Some companies have gone back to a design that was originally introduced nearly a century ago: toothbrushes with removable heads. Goodwell, in Portland, Oregon, produces metal handles it hopes brushers will keep for years. The head pops out when the bristles wear down, and a new one snaps in, reducing the total amount of waste to less than 30 percent of a normal brush, says Patrick Triato, one of the company’s founders.
Maintaining good Oral Care is essential to maintaining good overall health. The goal of proper oral hygiene is to remove or prevent formation and buildup of plaque and tartar, to prevent dental caries and periodontal disease, and to decrease the incidence of halitosis.
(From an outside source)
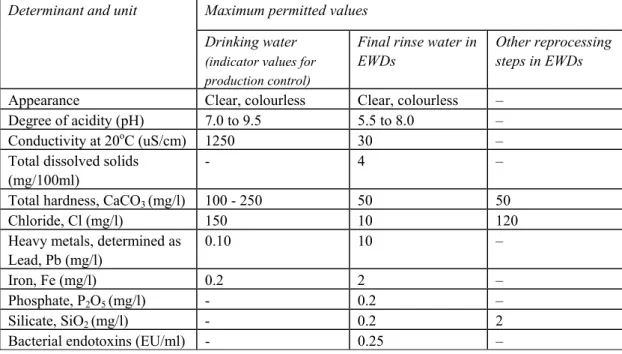 Table 1 shows the maximum permitted values for ionic contamination and some other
Results of patient surveys clearly demonstrate that many are unaware of the importance of practicing good oral hygiene and its connection to overall health. For example, results from a May 2012 survey conducted by the American Dental Association regarding oral health found that many people are not certain of basic information regarding proper dental care, recommended replacement time frame for toothbrushes, and causes of dental caries.1 In addition, new findings from the Centers for Disease Control and Prevention (CDC) show that approximately 50% of people 30 years and older have some degree of periodontal disease.2,3 Routine oral health is important, but only an estimated 44.5% of people obtain professional dental care on a regular basis.4,5 Clinical studies have shown that those with poor oral hygiene are at increased risk of developing various oral health problems. Poor oral hygiene is directly responsible for increased incidence of dental caries, periodontal disease, halitosis, oral pain, and discomfort for denture wearers.4 In addition, some clinical studies have indicated a link between some oral cancers and poor dental and oral hygiene.